1. Field of the Invention
The present invention relates to a tone generation apparatus for, e.g., an electronic keyboard instrument.
2. Description of the Related Art
In electronic keyboard instruments such as an electronic piano, an electronic organ, and the like, tone source information stored in a PCM waveform memory is read out according to a tone color and key information, and is output as a tone generation signal after its amplitude, envelope, and the like are processed. In order to generate tones corresponding to some simultaneously depressed keys or to generate accompaniment tones, a tone generator has a plurality of simultaneous tone channels.
A channel assignor manages tone channels, and assigns a tone to be generated in response to a key-ON event to an empty channel or a channel having a low priority order.
As a key assign method of the assignor, a first-depression priority method or a last-depression priority method is known. Also, the following method is known. In this method, when there is no empty channel, the envelopes of assigned tone waveforms are compared, and a new key is assigned to a tone channel generating the lowest envelope level, i.e., a channel closer to the end of tone generation (envelope minimum value detection method).
An electronic keyboard instrument, which can select the following sole (monophonic) play mode, is known.

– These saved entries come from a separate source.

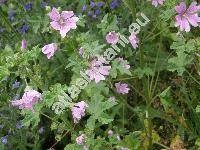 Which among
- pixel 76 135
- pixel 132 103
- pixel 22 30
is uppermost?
pixel 22 30

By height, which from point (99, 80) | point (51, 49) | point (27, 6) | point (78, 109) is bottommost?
point (78, 109)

In the sole-play mode, only one channel (or two channels) is assigned as a tone generation channel corresponding to a keyboard operation, and other tone channels are assigned to auto-accompaniment tones, and the like. In this sole-play mode, channel assignment processing called a key recovery method is often applied for.

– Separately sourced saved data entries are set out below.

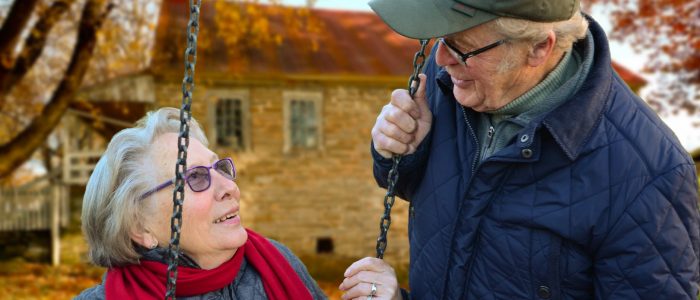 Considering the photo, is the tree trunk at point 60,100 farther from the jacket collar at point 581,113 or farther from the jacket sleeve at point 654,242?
the jacket sleeve at point 654,242

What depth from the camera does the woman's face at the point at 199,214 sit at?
227 centimetres

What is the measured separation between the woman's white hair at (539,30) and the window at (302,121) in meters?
13.2

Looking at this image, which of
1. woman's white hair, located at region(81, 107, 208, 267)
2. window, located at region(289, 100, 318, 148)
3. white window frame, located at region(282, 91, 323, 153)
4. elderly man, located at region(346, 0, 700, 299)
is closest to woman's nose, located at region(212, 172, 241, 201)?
woman's white hair, located at region(81, 107, 208, 267)

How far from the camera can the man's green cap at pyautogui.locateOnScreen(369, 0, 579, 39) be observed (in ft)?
5.89

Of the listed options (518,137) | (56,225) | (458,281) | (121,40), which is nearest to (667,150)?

In the key recovery method, tone generation is performed in a monophonic last-depression priority mode, and a key depressed last is assigned to a single tone channel. When a plurality of keys are depressed, tones are sequentially generated in the last-depression priority manner, and at the same time, the key ON order is stored in a table. When a currently tone-ON key is released, if there is another key in key ON state, the last key in the last-depression order in the depression order storage table is assigned to the tone channel to generate a corresponding tone (key recovery processing).
The above-mentioned key recovery processing in the sole-play mode requires complicated processing steps, and also requires a stack area of a memory for storing the key ON order.
FIG. 6 shows an assignor (channel assignment) processing sequence based on the conventional key recovery method, and FIGS. 7A to 7C are views for explaining stack processing of a memory for storing the key ON order.
In step 71, it is checked if a play mode is a poly (polyphonic) play mode or a sole (monophonic) play mode. In the poly-play mode, poly processing is performed in step 72. In the sole-play mode, an ON/OFF event of a key is discriminated in step 73. If an ON event is detected, a tone channel is searched and assigned in step 74, and the key ON order is stored in a stack as key recovery information in step 75. FIG. 7A shows the content of a stack 19a at this time. When key ON events occur in the order of C, B, and A, note codes (key codes) A, B, and C are stored in the order of A, B, and C from the lower end of the stack area 19a. When a key D is newly depressed at that time, a tone corresponding to a note D is generated, and a note code D is stored in the lower end of the stack area 19a (push).
If a key OFF event is detected in step 73, it is checked in step 76 if a key corresponding to the detected OFF event is the same as the key assigned to a currently tone-ON channel. If YES in step 76, OFF information of the key is generated (assign OFF) in step 77. In step 78, the stack area is rewritten (pull), and in step 79, the stacked last key information is assigned to a tone channel (key recovery processing). For example, when note codes C, B, and A are stacked in this order in the stack area, as shown in FIG. 7B, if the key A is released, the note code A is pushed out from the stack area upon tone-OFF processing of the key A, and the note code B is assigned to the tone channel.
If it is determined in step 76 that the OFF key is different from the currently tone-ON channel content, only rewrite processing of key recovery information is performed in step 80. For example, when node codes C, B, and A are stacked in this order, as shown in FIG. 7C, if the key B is released, the note code B is deleted from the stack area, and the key ON order is rewritten to C and A. Tone generation corresponding to the key A is continued.
As described above, the contentional key recovery processing in the sole-play mode requires many program steps, and consumes the stack area for storing the key ON order. Since the CPU of the electronic musical instrument executes real-time processing, an expensive, high-speed microprocessor is required.
When the stack area is saved, the number of pieces of key recovery information to be held is limited. When a large number of keys are simultaneously depressed, it is difficult to perform key recovery processing.